What isn't seeming to make sense is how OSS software is used commercially and the way that skews the culture and priorities of open source projects. What purpose does the lack of commercial restrictions serve?
No restrictions on commercial use at all seems naive (and perhaps plain ideological) at this point. I used to think that things were too embedded to change but it does feel like a major shift is fermenting and has been for a while.
If your intent is just "I wrote this thing, sharing the code" license as restrictively as you'd like. If your intent is "I want to build (and/or get others to help build) a bigger thing", restrictions scare folks off.
It's trivial for me to get approval from my employer to do almost anything in almost any MIT-licensed codebase; we use and contribute to a number of GPLv2 codebases. However GPLv3 is a very rigid line in the sand that I do not expect to ever change.
The source distribution, modification and reinstallation requirements are pretty much identical, at least according to the main folks doing Linux kernel GPL enforcement for the last decades.
https://sfconservancy.org/blog/2021/mar/25/install-gplv2/ https://sfconservancy.org/blog/2021/jul/23/tivoization-and-t... https://events19.linuxfoundation.org/wp-content/uploads/2017...
> Existing open source licenses, practices, and culture don't draw this distinction
I disagree for the most part. Corporations avoid copyleft licenses like the plague. It's the term open-source that includes 'free beer' licensed software that created this confusion.
I will say that all of the comments saying that open source licenses should change to formally prohibit this behavior are a bit naive. Ever since the Open Source Initiative was founded in the late 90s, its express purpose has been to boost the adoption of free (now "open source") software by pitching it to corporations as a way to cut costs. This means that they'll never approve a license that requires certain users to contribute to the project, monetarily or otherwise. Of course anyone's allowed to license their project any way they see fit, but they'll have to call it something other than open source and accept the limited distribution and userbase they'll see as a result.
This doesn't require abandoning open source. The GPL and AGPL serve precisely the purpose of preventing open-source software from being exploited for closed-source purposes.
Obviously hindsight is 20/20, so this doesn't help maintainers who have already chosen a permissive license and don't want to rugpull their users. But to say solving this problem requires adopting a non-open-source license is not correct.

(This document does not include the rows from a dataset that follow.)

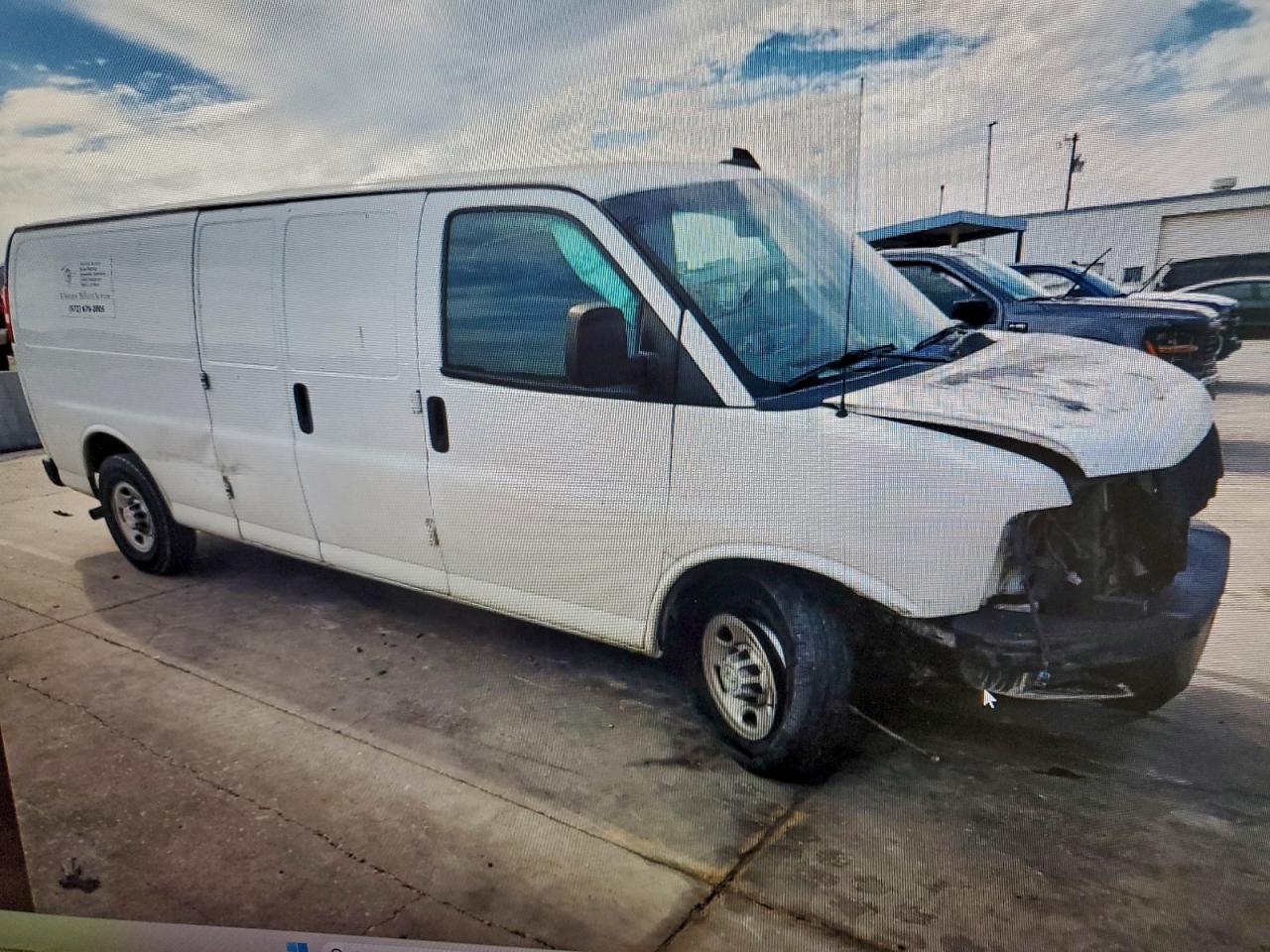 Chevrolet Express Image 3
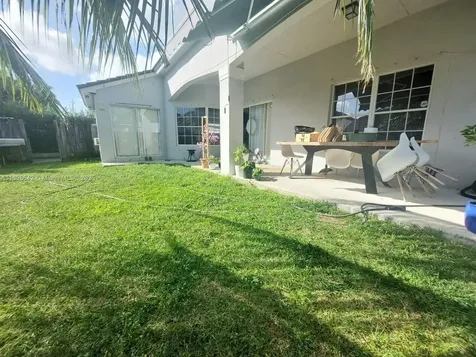 16120 SW 72nd Terrace Miami FL 33193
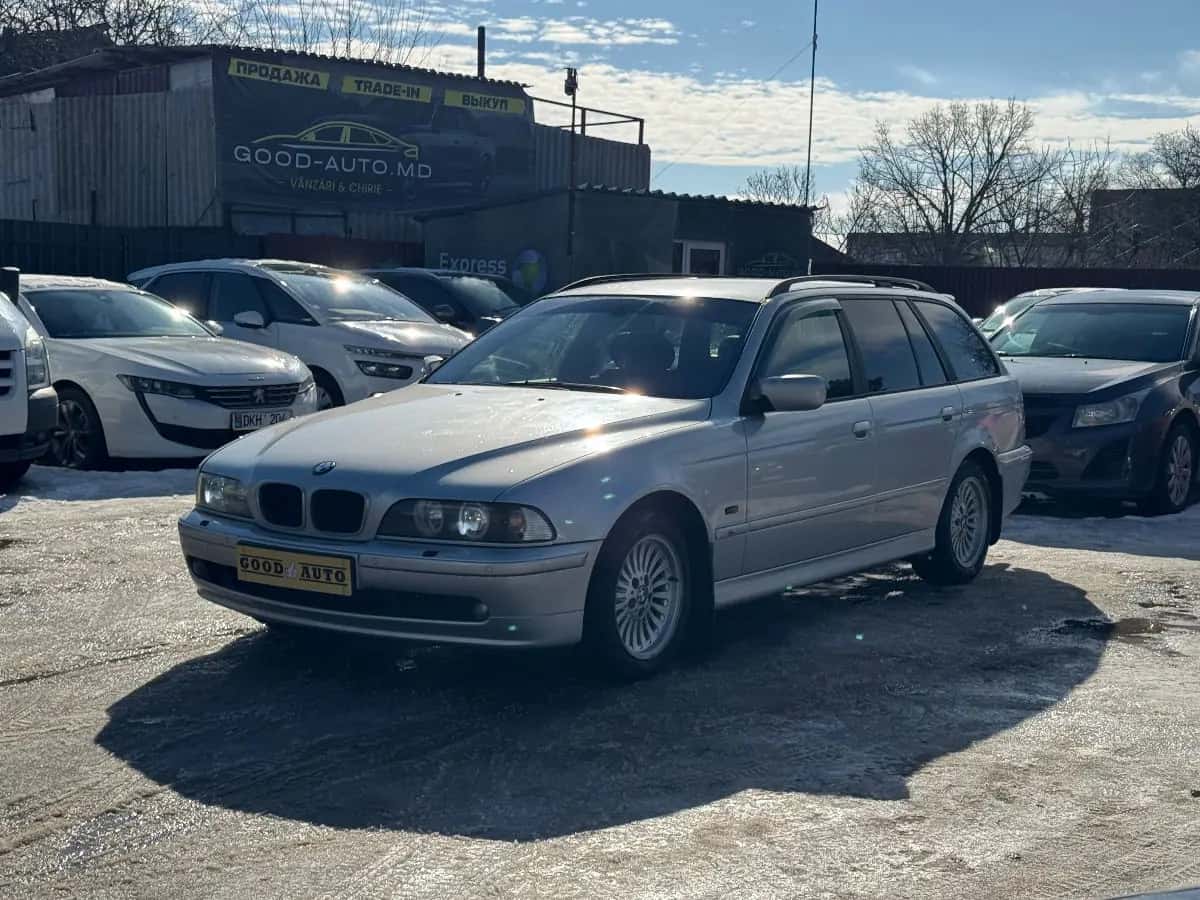 Bmw 5 Series - фото 3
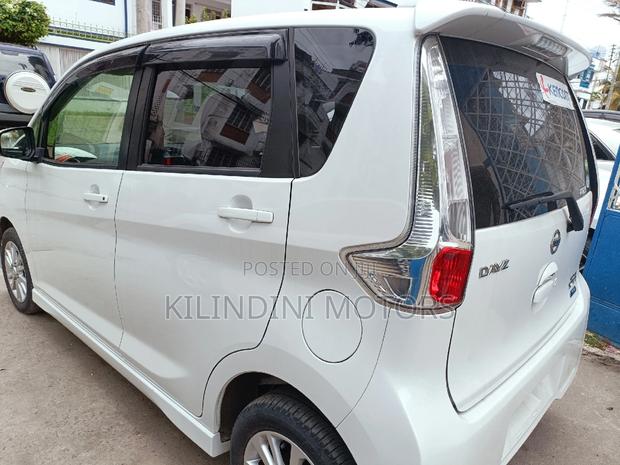 White 2016 Nissan Dayz: Spacious Compact Car for Your Commute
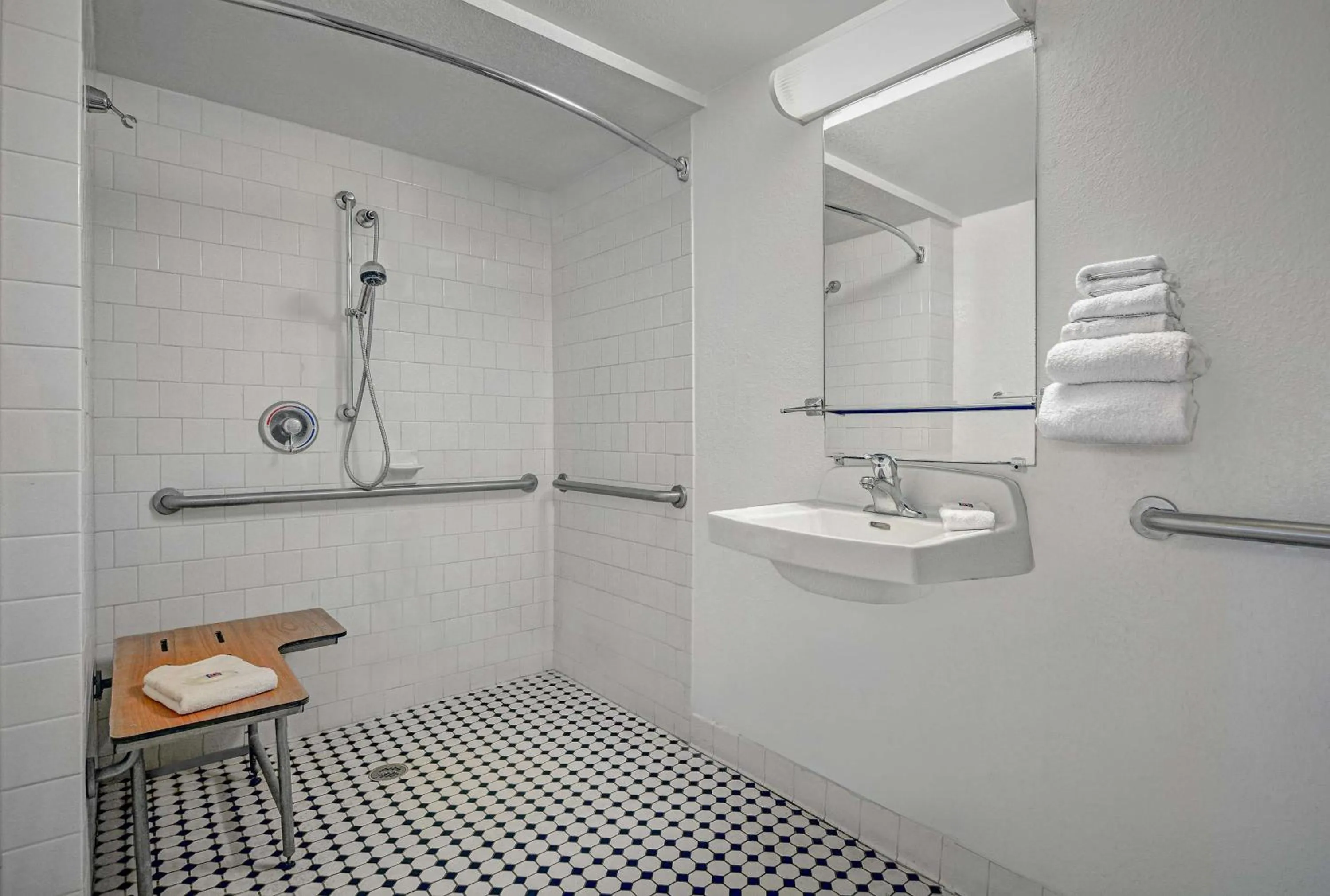 Bathroom in Motel 6-Tallahassee, FL - Downtown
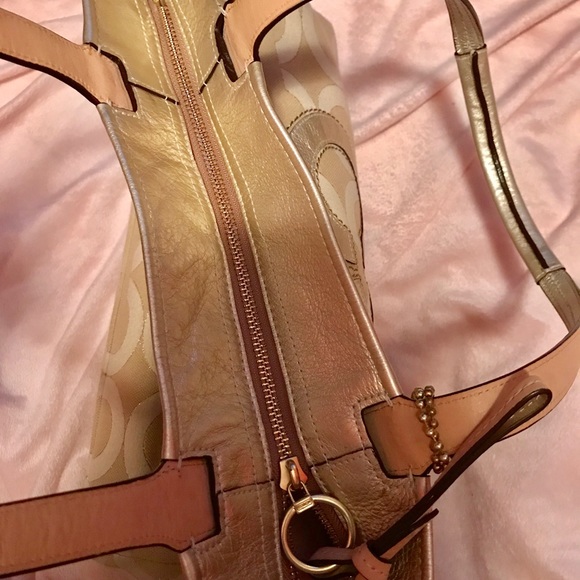 Coach Purse - Picture 5 of 8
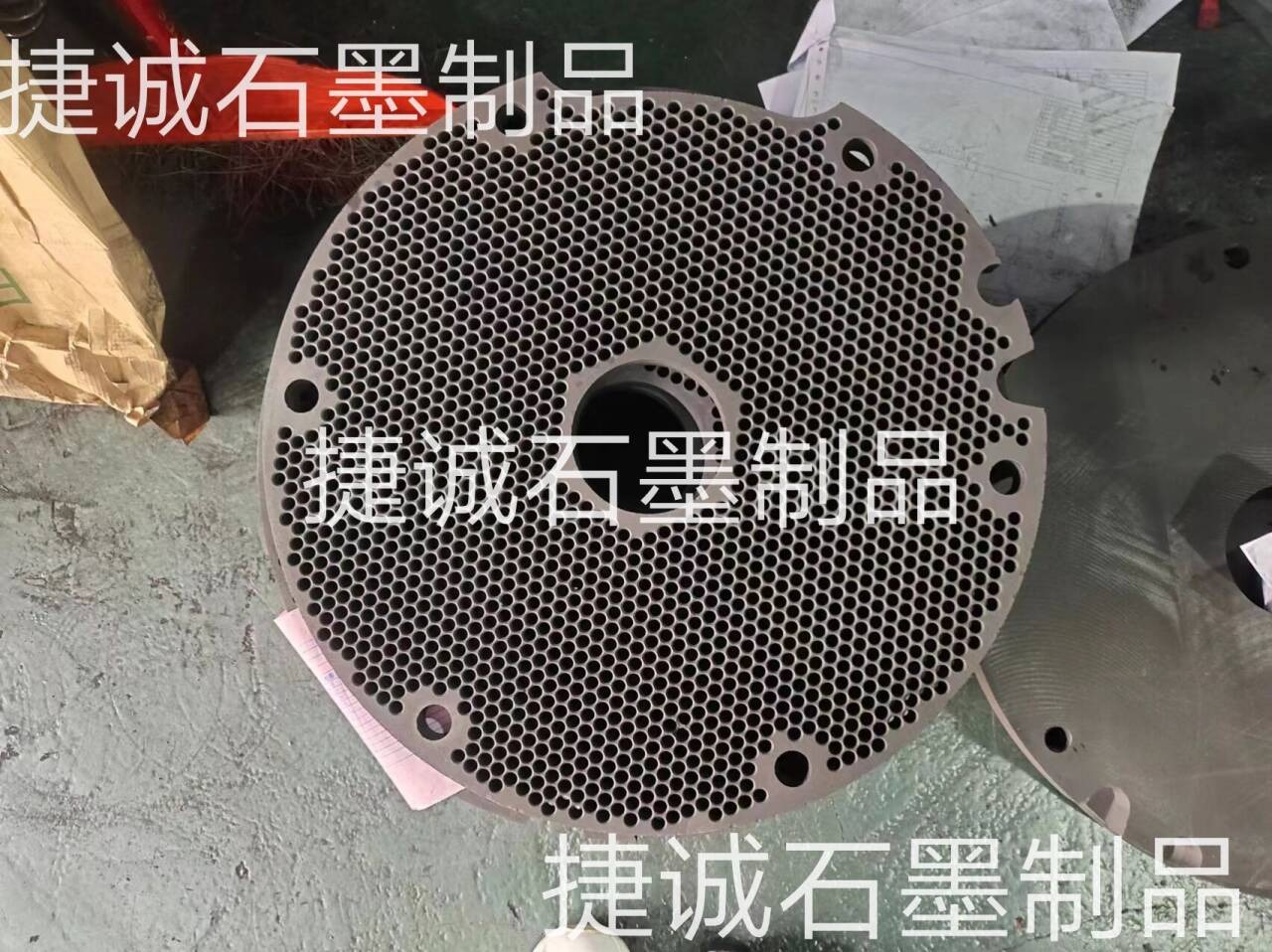 石墨盤，石墨燒結(jié)盤，石墨盤加工，銅管燒結(jié)石墨盤，導(dǎo)熱燒結(jié)石墨盤，鐘罩爐石墨盤，推板爐石墨盤，石墨盤生產(chǎn)廠家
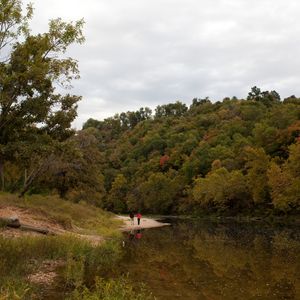 Hike beside the lake shores at Spavinaw Area at Grand Lake State Park. Photo by Rebekah Workman.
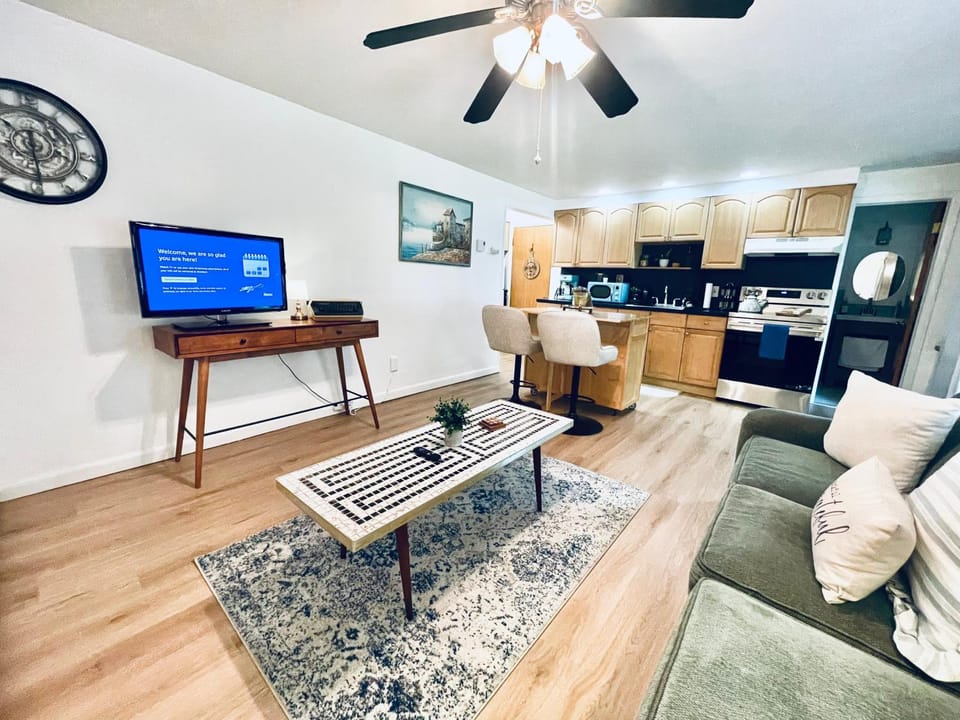Cozy Comfort Living - A Home Away From Home Apartment in Bethpage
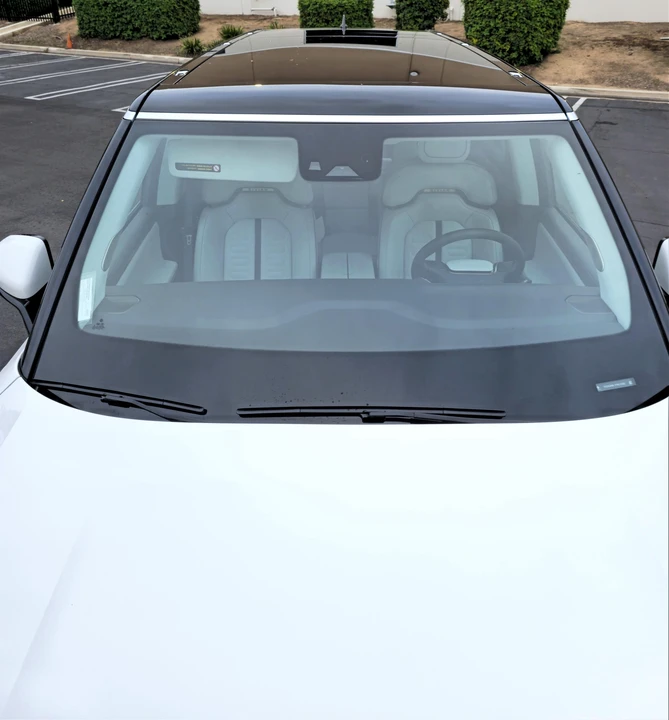 2023 Rivian R1S - Image 20 of 31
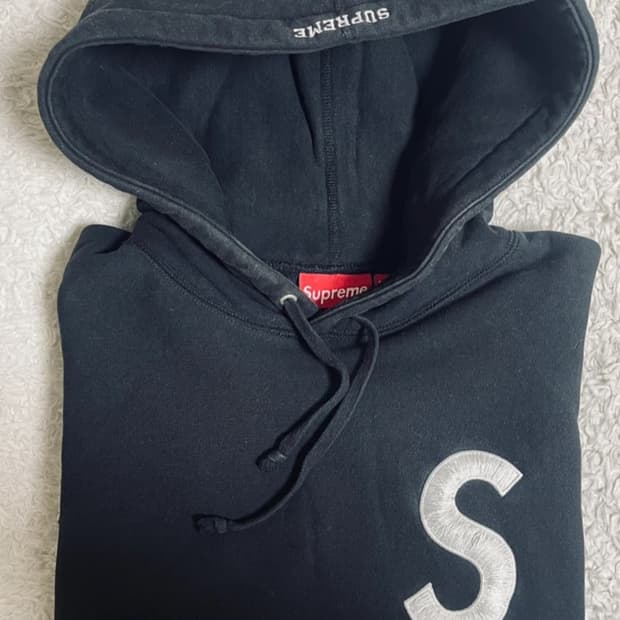 슈프림 S로고 후드티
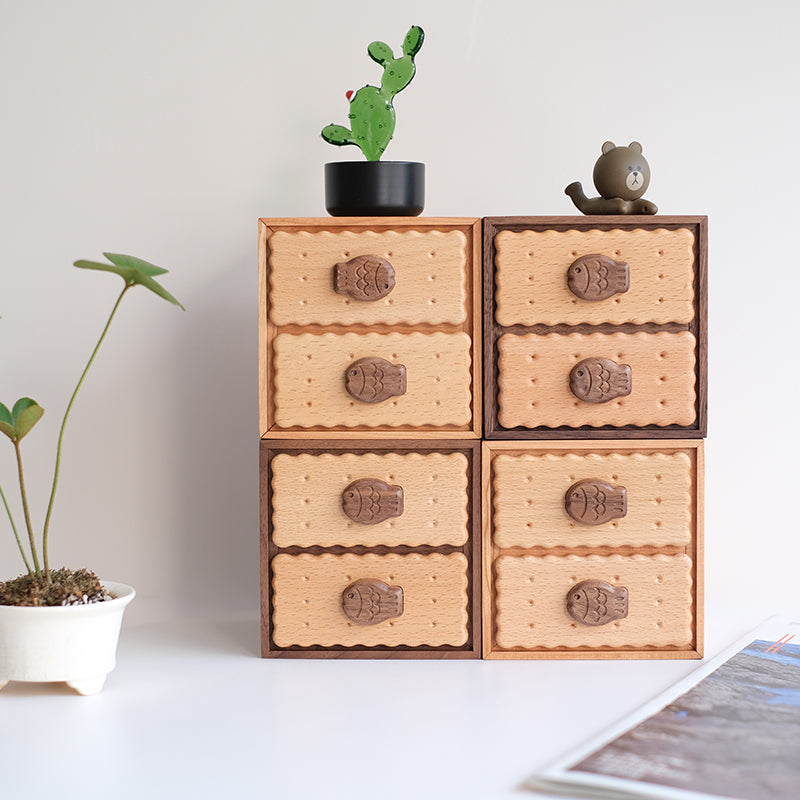 Cute Wooden Jewelry Organizer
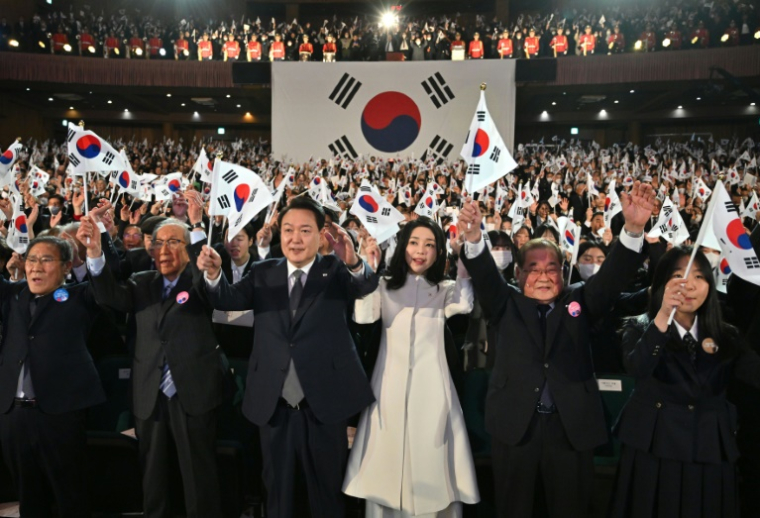 Le président sud-coréen Yoon Suk Yeol et son épouse Kim Keon-hee, le 1er mars 2023 lors d'une cérémonie à Séoul ( POOL / Jung Yeon-je )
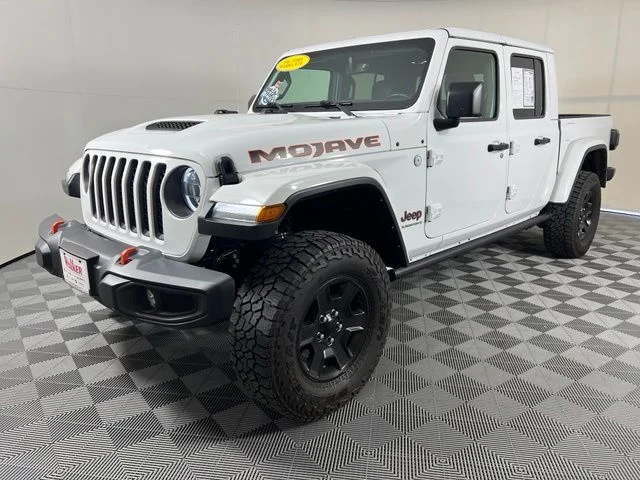 Used 2023 White Jeep Mojave image 3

Another option is dual-licensing - GPL/AGPL for all, or a permissive license that can be purchased for a fee.
I think that many people have done this, and all of them were deposed and replaced with someone who would "play ball" (I.E., work for free). Go ahead, keep an eye on Libxml2, we'll either see this reversed, or we'll see libxml3 promoted from all angles and libxml2 decried as "deprecated".
Note that if that happens, it doesn't mean libxml2 is actually bad, it just means that it no longer fits the needs of the corporate overlords, and they need YOU to believe that it's no longer good so you won't waste their time with support requests.
CaptainFever•7mo ago
So like, regardless of the user of the software, one should understand that there really is no warranty, or promise of quality or support from FOSS.
If one (whether it be Debian or Apple) needs a feature, bug fix, or security fix, one can ask for it, but don't expect anything.
The best way is to do it themselves, and share their code if they wish to or are obligated to under the GPL. Or commission a programmer or the maintainer to do it. Or buy a support contract from the maintainer. Or encourage it by doing micropatronage and voting for it.